EUROPEAN MAY FAIR ENCOUNTER
A Brief on the Performing Arts in
Malta
presented by Mario Azzopardi in Manchester
May 2003
Malta is a country of ritual. The Maltese archipelago, consisting of three
small islands and two uninhabited ones, was in Neolithic times associated with
the fertility cult of the Mother Goddess.
During her long reign, dating back 7,000 years, the Goddess was the
divinity soliciting fecundity rites, ceremonies and dances by peasants. Those primitive forms of spectacle continue
to inform modern day-revelry on the streets: during religious festivities,
notably between June and August of each year, thousands of Maltese youths
engage in improvised performance characterized by bacchanalian ecstasy.
Even the best
contemporary drama makes reference to the matriarchal metaphor and Malta’s
leading playwright, Francis Ebejer had singled out
the Punic goddess Tanit as his personal logo.
Ritualistic
performance has also retained very immediate currency thanks to the dominant
presence of the Catholic Church that still sanctions very elaborate, baroque
festivities connected with a long calendar of patron saints and other events of
national significance.
Street carnival is
another characteristic of popular theatre.

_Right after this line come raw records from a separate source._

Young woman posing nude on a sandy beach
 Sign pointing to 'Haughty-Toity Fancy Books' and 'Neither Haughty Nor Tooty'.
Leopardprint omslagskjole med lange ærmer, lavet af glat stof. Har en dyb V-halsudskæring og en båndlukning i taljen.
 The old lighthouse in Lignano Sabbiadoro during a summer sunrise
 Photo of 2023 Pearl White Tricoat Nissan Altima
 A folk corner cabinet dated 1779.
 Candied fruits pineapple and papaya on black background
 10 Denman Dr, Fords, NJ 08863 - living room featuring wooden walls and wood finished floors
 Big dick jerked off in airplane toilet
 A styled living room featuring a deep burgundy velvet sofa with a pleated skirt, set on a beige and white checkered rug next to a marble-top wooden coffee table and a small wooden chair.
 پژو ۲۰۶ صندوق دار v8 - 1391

Introduced as early as the first half of the 16th century,
when Malta
was ruled by the Order of the Knights of St. John, this feast of folly
is a huge attraction to locals and foreigners
alike. It is regarded as a strong pillar
of attraction for cultural tourism in the low, winter season. The mood is joyful and “innocent” although
cultural sources often call for the introduction of political satire, a form of
subversion that has been banned from the streets since the nineteen thirties,
when a British governor prohibited political allusion for security reasons.
The 180 years of
British colonial governance came to an end in 1964, when Malta attained its Independence, but the British influence is
still very strong when it comes to theatre.
Currently, there exists plenty of debate about the need to nourish a
national theatre with a distinct Maltese idiom.
Mainstream drama in Malta
largely reflects direct influences from West End
and Broadway hits and such fare is often reproduced wholesale in plagiarized
productions using English as a medium. There were attempts to introduce theatrical
experiments in Maltese in the sixties and seventies and more recently an annual
drama festival featuring emerging local troupes was launched for the summer
months. Native Maltese drama had been
originally influenced by Italian and French comedy and especially by the Comedy
of Art, but the importation of British work for
mainstream audiences took over from the Latin, Mediterranean model.
A School for Training
in Dramatic Art attached to the Manoel Theatre was
created in 1979 under a Technical Cooperation Agreement with Britain but due to financial
constraints the Manoel released itself of the running
of the school which was later absorbed by the Ministry of Education. The Ministry still operates the institution,
known today as The Malta Drama Centre.